What to do = In the data below, the answer is the run of lines from the line containing "14k White Gold" through the line containing "Lepro Headlamp Battery", both included; print it exactly and nothing else.

Available records =
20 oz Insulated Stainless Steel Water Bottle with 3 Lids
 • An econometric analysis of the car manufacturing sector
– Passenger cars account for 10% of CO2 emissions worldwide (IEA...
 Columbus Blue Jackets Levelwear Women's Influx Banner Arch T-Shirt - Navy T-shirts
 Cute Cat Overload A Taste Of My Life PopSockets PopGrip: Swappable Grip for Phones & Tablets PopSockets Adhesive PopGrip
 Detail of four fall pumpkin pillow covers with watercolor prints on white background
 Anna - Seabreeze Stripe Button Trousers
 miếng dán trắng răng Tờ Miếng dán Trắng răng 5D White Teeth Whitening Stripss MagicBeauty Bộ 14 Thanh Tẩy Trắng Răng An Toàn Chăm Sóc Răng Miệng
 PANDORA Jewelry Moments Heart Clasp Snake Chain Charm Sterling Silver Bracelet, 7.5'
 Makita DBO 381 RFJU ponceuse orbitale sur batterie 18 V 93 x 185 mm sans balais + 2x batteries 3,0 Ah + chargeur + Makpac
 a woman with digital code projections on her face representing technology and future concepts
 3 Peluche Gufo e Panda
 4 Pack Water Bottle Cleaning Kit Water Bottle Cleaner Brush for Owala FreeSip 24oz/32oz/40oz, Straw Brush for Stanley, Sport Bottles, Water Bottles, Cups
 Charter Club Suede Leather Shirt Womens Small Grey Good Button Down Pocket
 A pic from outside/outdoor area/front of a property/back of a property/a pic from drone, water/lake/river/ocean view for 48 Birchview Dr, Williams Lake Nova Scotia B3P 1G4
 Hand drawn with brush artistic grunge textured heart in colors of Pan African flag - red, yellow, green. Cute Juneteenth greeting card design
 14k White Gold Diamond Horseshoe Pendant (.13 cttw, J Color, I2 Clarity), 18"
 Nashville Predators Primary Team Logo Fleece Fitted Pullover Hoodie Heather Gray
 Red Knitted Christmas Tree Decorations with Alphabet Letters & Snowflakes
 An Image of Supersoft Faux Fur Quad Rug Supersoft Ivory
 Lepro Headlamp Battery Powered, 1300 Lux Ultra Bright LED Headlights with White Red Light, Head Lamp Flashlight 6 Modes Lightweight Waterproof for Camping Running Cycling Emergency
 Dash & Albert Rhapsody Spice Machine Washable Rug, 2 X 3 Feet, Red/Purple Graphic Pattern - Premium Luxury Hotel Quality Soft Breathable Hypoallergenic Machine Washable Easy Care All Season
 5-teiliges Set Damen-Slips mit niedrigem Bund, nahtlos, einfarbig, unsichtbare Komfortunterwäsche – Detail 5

Response below =
 14k White Gold Diamond Horseshoe Pendant (.13 cttw, J Color, I2 Clarity), 18"
 Nashville Predators Primary Team Logo Fleece Fitted Pullover Hoodie Heather Gray
 Red Knitted Christmas Tree Decorations with Alphabet Letters & Snowflakes
 An Image of Supersoft Faux Fur Quad Rug Supersoft Ivory
 Lepro Headlamp Battery Powered, 1300 Lux Ultra Bright LED Headlights with White Red Light, Head Lamp Flashlight 6 Modes Lightweight Waterproof for Camping Running Cycling Emergency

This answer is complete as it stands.